ОглавлениеThe ecclesiastical supremacy was gradually interpreted to mean that the Bishop of Rome was the one or universal bishop in whom all spiritual and ecclesiastical powers were summed up, and that all other members of the hierarchy were simply delegates selected by him for the purposes of administration. On this interpretation, the Bishop of Rome was the absolute monarch over a kingdom which was called spiritual, but which was as thoroughly material as were those of France, Spain, or England. For, according to mediæval ideas, men were spiritual if they had taken orders, or were under monastic vows; fields, drains, and fences were spiritual things if they were Church property; a house, a barn, or a byre was a spiritual thing, if it stood on land belonging to the Church. This papal kingdom, miscalled spiritual, lay scattered over Europe in diocesan lands, convent estates, and parish glebes—interwoven in the web of the ordinary kingdoms and principalities of Europe. It was part of the Pope's claim to spiritual supremacy that his subjects (the clergy) owed no allegiance to the monarch within whose territories they resided; that they lived outside the sphere of civil legislation and taxation; and that they were under special laws imposed on them by their supreme spiritual ruler, and paid taxes to him and to him alone. The claim to spiritual supremacy therefore involved endless interference with the rights of temporal sovereignty in every country in Europe, and things civil and things sacred were so inextricably mixed that it is quite impossible to speak of the Reformation as a purely religious movement. It was also an endeavour to put an end to the exemption of the Church and its possessions from all secular control, and to her constant encroachment on secular territory.

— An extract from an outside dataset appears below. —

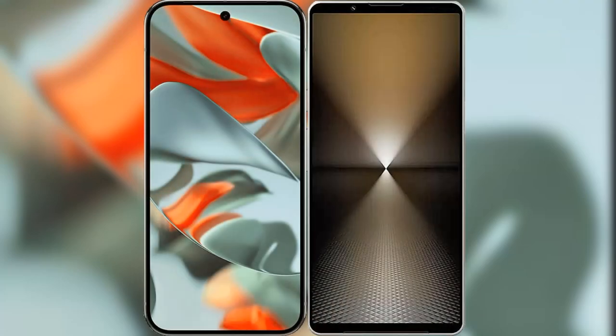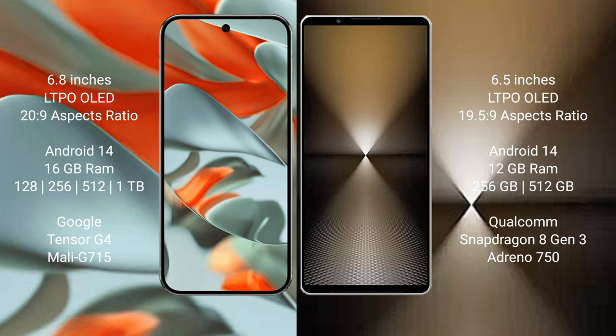I will compare the new Google Pixel 9 Pro XL with Sony Xperia 1 Mark VI. Google Pixel 9 Pro XL has a 6.8-inch LTPO OLED display with an aspect ratio of 20:9. Sony Xperia 1 Mark VI has a 6.5-inch LTPO OLED display with an aspect ratio of 19.5:9.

To show how this claim for spiritual supremacy trespassed continually on the domain of secular authority and created a spirit of unrest all over Europe, we have only to look at its exercise in the matter of patronage to benefices, to the way in which the common law of the Church interfered with the special civil laws of European States, and to the increasing burden of papal requisitions of money.
In the case of bishops, the theory was that the dean and chapter elected, and that the bishop-elect had to be confirmed by the Pope. This procedure provided for the selection locally of a suitable spiritual ruler, and also for the supremacy of the head of the Church. The mediæval bishops, however, were temporal lords of great influence in the civil affairs of the kingdom or principality within which their dioceses were placed, and it was naturally an object of interest to kings and princes to secure men who would be faithful to themselves. Hence the tendency was for the civil authorities to interfere more or less in episcopal appointments. This frequently resulted in making these elections a matter of conflict between the head of the Church in Rome and the head of the State in France, England, or Germany; in which case the rights of the dean and chapter were commonly of small account. The contest was in the nature of things almost inevitable even when the civil and the ecclesiastical powers were actuated by the best motives, and when both sought to appoint men competent to discharge the duties of the position with ability. But the best motives were not always active. Diocesan rents were large, and the incomes of bishops made excellent provision for the favourite followers of kings and of Popes, and if the revenues of one see failed to express royal or papal favour adequately, the favourite could be appointed to several sees at once. Papal nepotism became a byword; but it ought to be remembered that kingly nepotism also existed. Pope Sixtus v. insisted on appointing a retainer of his nephew, Cardinal Giuliano della Rovere, to the see of Modrus in Hungary, and after a contest of three years carried his point in 1483; and Matthias Corvinus, King of Hungary, gave the archbishopric of Gran to Ippolito d'Este, a youth under age, and after a two years' struggle compelled the Pope to confirm the appointment in 1487.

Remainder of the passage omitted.